**About this exercise**
The reader should set down exactly the lines from the one containing "Olive Bella di" through the last line of the material, omitting every picture.

═════ Records provided ═════

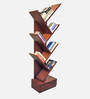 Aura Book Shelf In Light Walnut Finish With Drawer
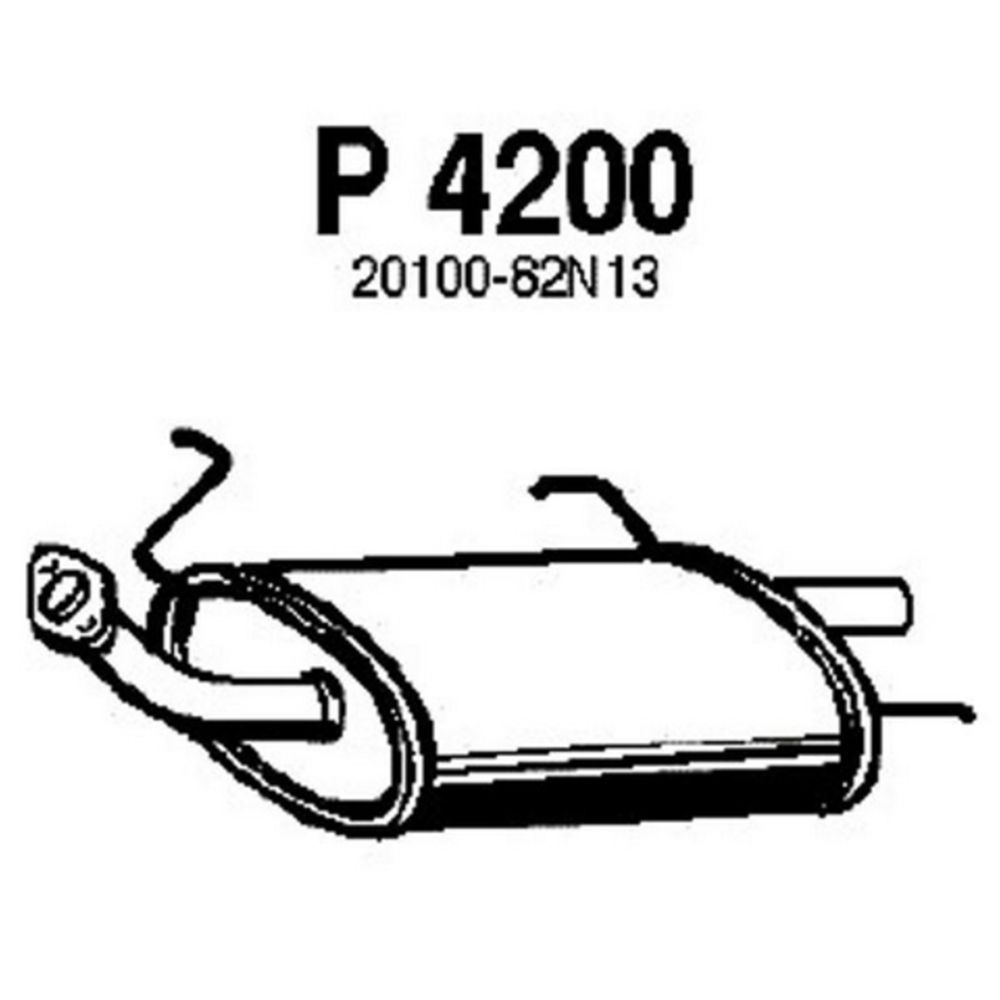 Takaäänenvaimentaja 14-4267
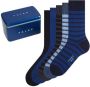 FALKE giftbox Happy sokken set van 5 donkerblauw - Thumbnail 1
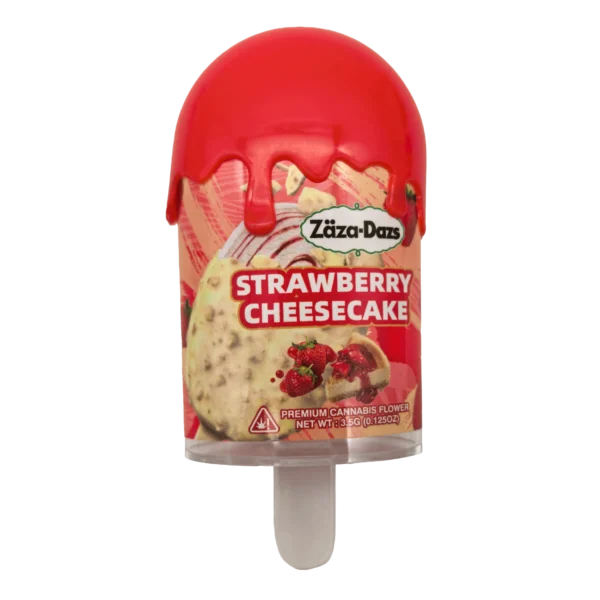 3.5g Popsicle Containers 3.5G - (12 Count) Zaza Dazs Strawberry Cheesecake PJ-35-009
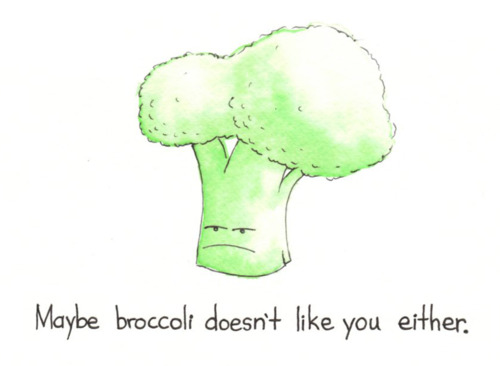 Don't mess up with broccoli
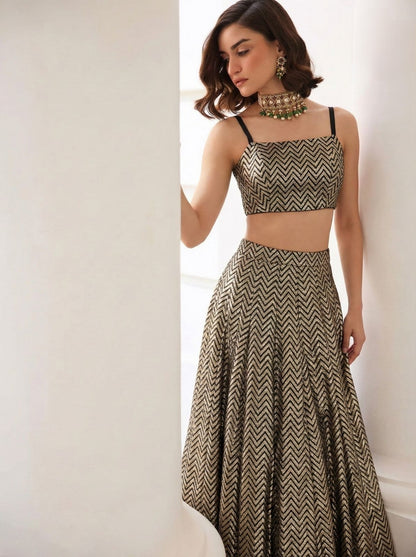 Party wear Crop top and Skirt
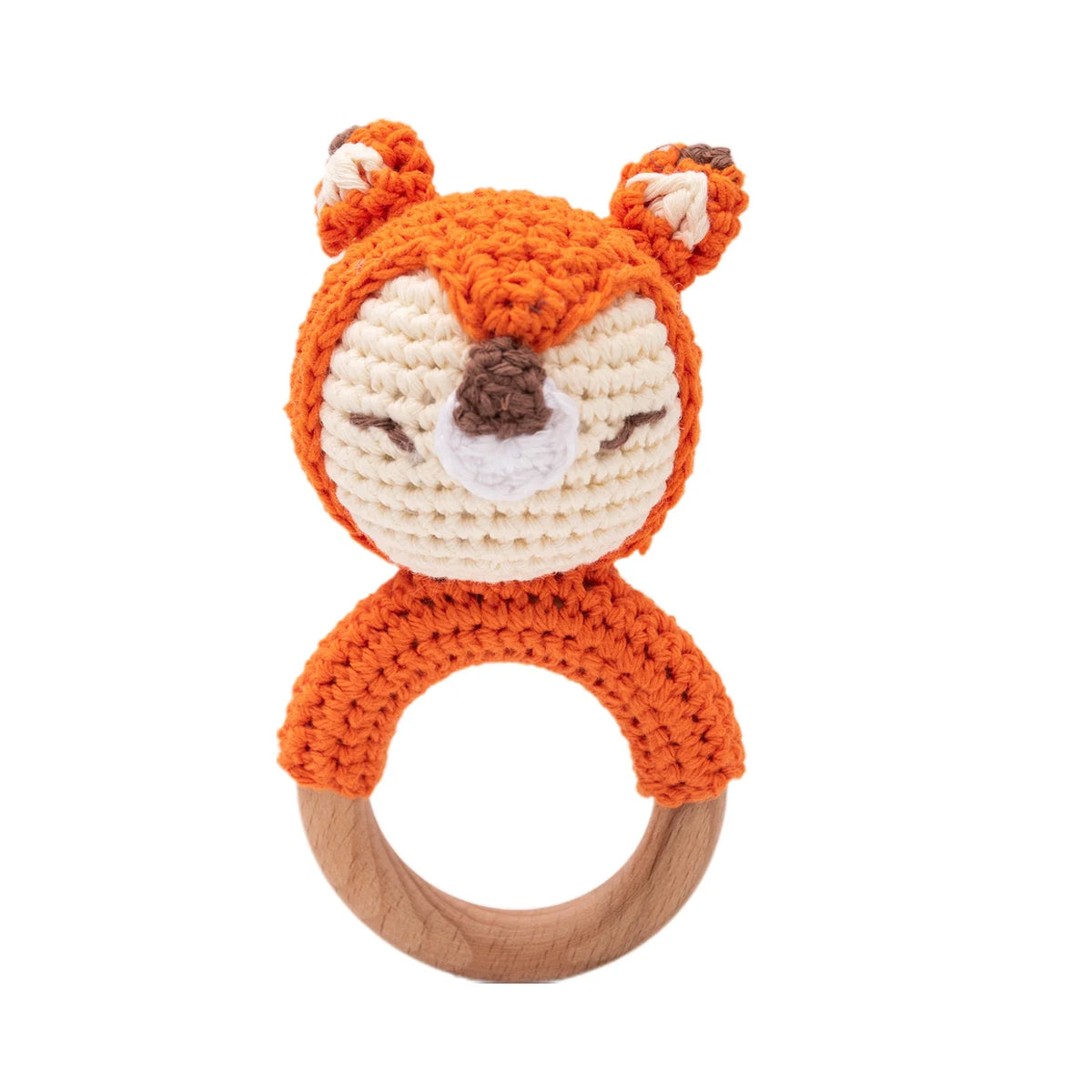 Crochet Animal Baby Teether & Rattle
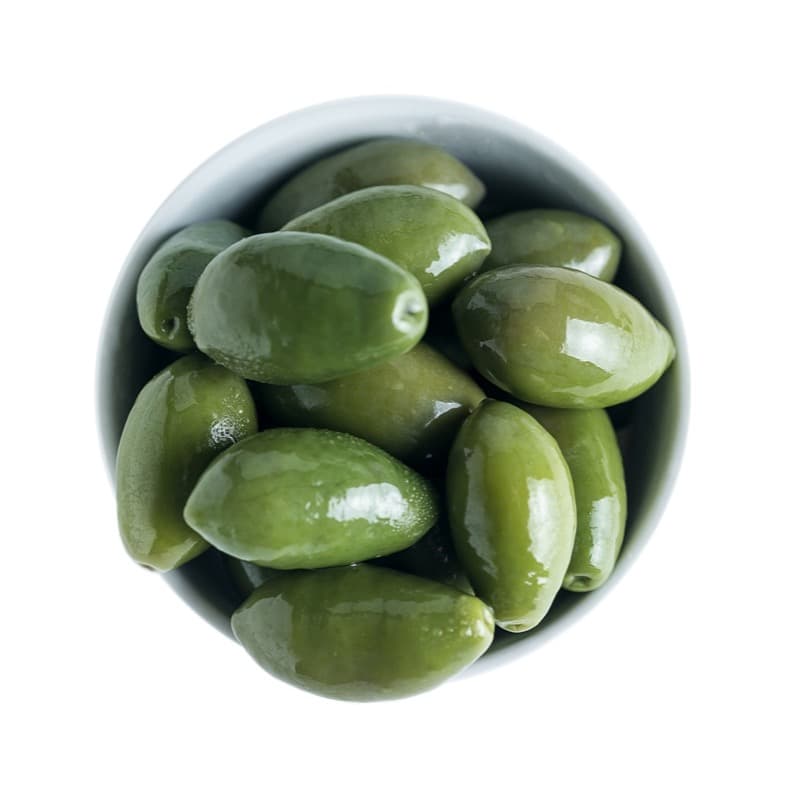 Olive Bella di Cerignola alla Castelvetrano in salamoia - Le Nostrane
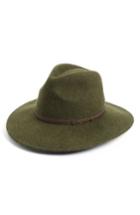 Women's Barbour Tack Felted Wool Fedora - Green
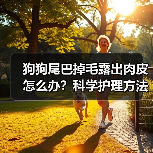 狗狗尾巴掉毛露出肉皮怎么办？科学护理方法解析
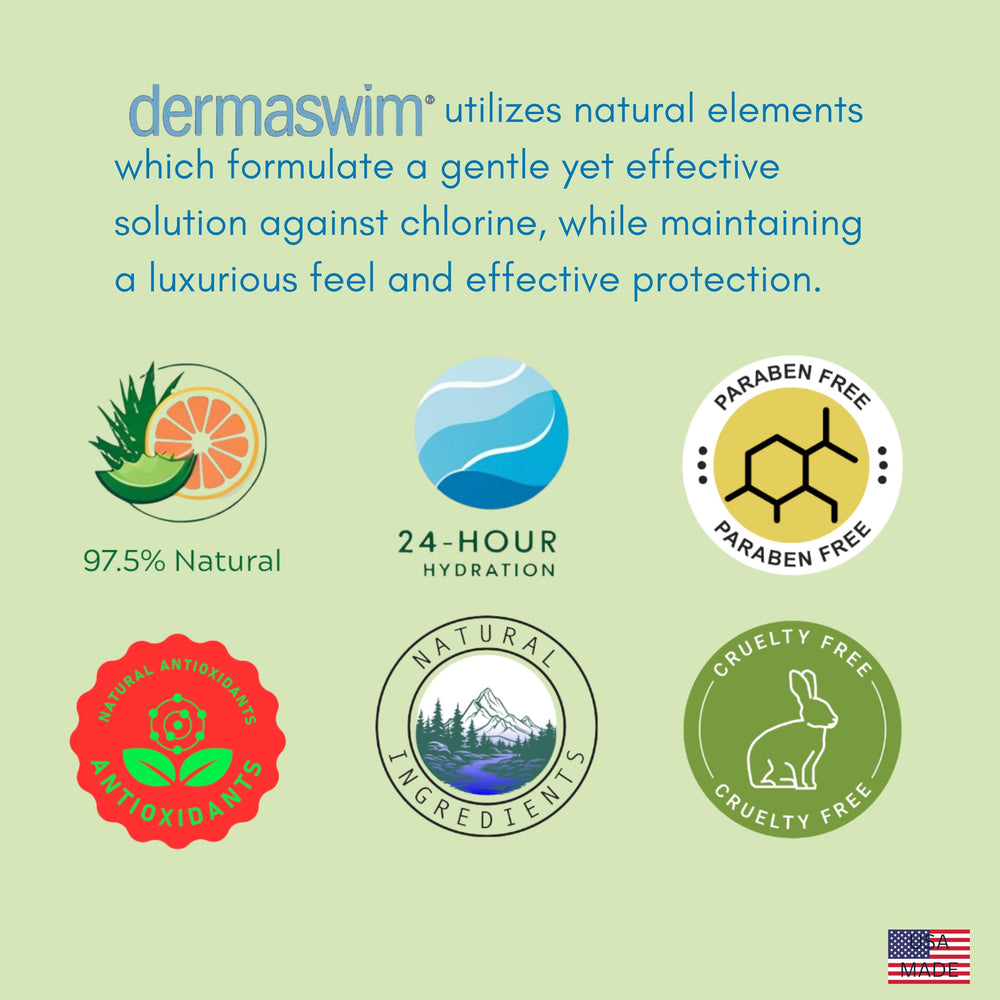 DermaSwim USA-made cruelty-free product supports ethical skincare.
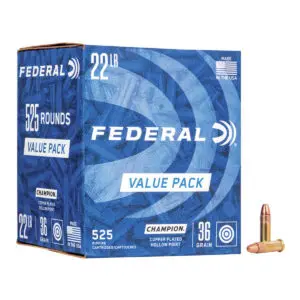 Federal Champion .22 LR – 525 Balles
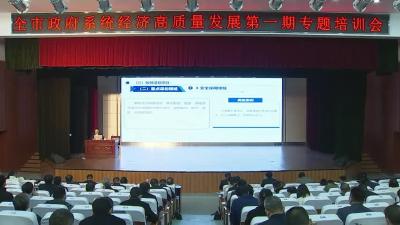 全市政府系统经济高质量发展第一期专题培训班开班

═════

**Finished exercise**
 Olive Bella di Cerignola alla Castelvetrano in salamoia - Le Nostrane
 Women's Barbour Tack Felted Wool Fedora - Green
 狗狗尾巴掉毛露出肉皮怎么办？科学护理方法解析
 DermaSwim USA-made cruelty-free product supports ethical skincare.
 Federal Champion .22 LR – 525 Balles
 全市政府系统经济高质量发展第一期专题培训班开班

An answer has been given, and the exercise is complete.